_Work to complete:_ Copy out, from the data, each line containing the string "Hotel".

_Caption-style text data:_
········

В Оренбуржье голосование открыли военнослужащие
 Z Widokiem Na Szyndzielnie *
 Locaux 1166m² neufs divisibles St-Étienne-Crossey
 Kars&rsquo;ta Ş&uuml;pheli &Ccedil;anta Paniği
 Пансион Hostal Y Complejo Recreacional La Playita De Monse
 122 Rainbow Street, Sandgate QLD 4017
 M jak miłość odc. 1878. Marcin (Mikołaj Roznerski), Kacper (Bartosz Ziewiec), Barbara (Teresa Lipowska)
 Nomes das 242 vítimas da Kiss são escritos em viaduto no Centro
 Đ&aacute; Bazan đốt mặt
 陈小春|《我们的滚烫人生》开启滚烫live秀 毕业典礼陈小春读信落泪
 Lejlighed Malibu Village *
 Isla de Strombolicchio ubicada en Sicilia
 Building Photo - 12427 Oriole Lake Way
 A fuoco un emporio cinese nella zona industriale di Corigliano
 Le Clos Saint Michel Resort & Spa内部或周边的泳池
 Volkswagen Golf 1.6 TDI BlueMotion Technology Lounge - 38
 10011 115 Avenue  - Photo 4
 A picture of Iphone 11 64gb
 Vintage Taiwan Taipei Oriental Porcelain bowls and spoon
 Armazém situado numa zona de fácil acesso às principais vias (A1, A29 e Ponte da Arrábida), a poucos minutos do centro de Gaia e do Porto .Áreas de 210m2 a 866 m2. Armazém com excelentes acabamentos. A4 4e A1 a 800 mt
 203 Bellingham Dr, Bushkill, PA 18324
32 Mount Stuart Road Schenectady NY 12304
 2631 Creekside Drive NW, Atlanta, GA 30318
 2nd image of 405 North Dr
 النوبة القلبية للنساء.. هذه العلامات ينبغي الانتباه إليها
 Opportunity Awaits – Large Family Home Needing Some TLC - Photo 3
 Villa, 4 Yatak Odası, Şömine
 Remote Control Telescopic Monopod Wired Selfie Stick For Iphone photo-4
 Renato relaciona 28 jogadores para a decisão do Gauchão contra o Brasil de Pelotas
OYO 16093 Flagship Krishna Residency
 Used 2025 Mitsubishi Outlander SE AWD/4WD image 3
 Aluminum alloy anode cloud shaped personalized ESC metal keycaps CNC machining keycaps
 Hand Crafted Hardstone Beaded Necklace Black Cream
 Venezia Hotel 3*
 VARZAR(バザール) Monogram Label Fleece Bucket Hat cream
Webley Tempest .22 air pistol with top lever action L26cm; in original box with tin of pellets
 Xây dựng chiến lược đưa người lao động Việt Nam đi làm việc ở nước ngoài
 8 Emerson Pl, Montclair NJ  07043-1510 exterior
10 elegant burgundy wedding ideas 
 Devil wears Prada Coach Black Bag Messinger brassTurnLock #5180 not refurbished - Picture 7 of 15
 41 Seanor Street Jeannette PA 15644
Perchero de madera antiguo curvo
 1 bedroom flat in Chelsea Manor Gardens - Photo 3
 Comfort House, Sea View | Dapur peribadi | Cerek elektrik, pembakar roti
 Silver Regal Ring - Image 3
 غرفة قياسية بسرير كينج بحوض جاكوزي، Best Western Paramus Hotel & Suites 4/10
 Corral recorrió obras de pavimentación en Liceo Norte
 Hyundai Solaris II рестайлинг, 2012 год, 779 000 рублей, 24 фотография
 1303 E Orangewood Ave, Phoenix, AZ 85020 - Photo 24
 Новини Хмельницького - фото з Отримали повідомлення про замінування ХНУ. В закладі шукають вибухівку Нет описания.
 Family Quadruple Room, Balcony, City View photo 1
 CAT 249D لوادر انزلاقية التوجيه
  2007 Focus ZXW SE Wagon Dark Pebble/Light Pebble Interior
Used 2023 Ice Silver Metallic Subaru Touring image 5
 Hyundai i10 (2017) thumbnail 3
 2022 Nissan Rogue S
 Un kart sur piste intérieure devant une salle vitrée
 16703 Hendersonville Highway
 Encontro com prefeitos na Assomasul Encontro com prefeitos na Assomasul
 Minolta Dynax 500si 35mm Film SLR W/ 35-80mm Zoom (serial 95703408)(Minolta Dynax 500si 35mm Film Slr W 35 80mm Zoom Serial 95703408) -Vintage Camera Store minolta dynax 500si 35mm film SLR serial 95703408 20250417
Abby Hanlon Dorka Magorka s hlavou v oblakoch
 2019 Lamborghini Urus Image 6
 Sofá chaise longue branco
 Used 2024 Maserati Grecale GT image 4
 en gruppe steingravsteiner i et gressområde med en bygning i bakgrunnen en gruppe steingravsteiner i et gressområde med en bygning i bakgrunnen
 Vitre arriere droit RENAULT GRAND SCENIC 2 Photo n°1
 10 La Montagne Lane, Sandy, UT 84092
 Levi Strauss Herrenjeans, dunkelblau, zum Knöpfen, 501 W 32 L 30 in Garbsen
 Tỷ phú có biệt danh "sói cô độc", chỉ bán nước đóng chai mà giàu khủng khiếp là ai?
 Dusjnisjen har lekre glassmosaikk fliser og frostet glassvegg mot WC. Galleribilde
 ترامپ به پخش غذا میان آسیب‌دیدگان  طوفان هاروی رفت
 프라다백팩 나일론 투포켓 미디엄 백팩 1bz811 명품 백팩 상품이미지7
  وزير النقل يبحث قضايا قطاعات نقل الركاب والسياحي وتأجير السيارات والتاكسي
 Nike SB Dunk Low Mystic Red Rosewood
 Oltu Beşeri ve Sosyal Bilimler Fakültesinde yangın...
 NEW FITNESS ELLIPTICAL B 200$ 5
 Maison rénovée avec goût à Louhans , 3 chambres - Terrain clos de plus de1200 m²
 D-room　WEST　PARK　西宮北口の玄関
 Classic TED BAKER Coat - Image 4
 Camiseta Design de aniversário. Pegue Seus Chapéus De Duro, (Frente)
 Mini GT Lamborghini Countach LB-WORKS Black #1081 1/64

········

_Your response:_
 Venezia Hotel 3*
 غرفة قياسية بسرير كينج بحوض جاكوزي، Best Western Paramus Hotel & Suites 4/10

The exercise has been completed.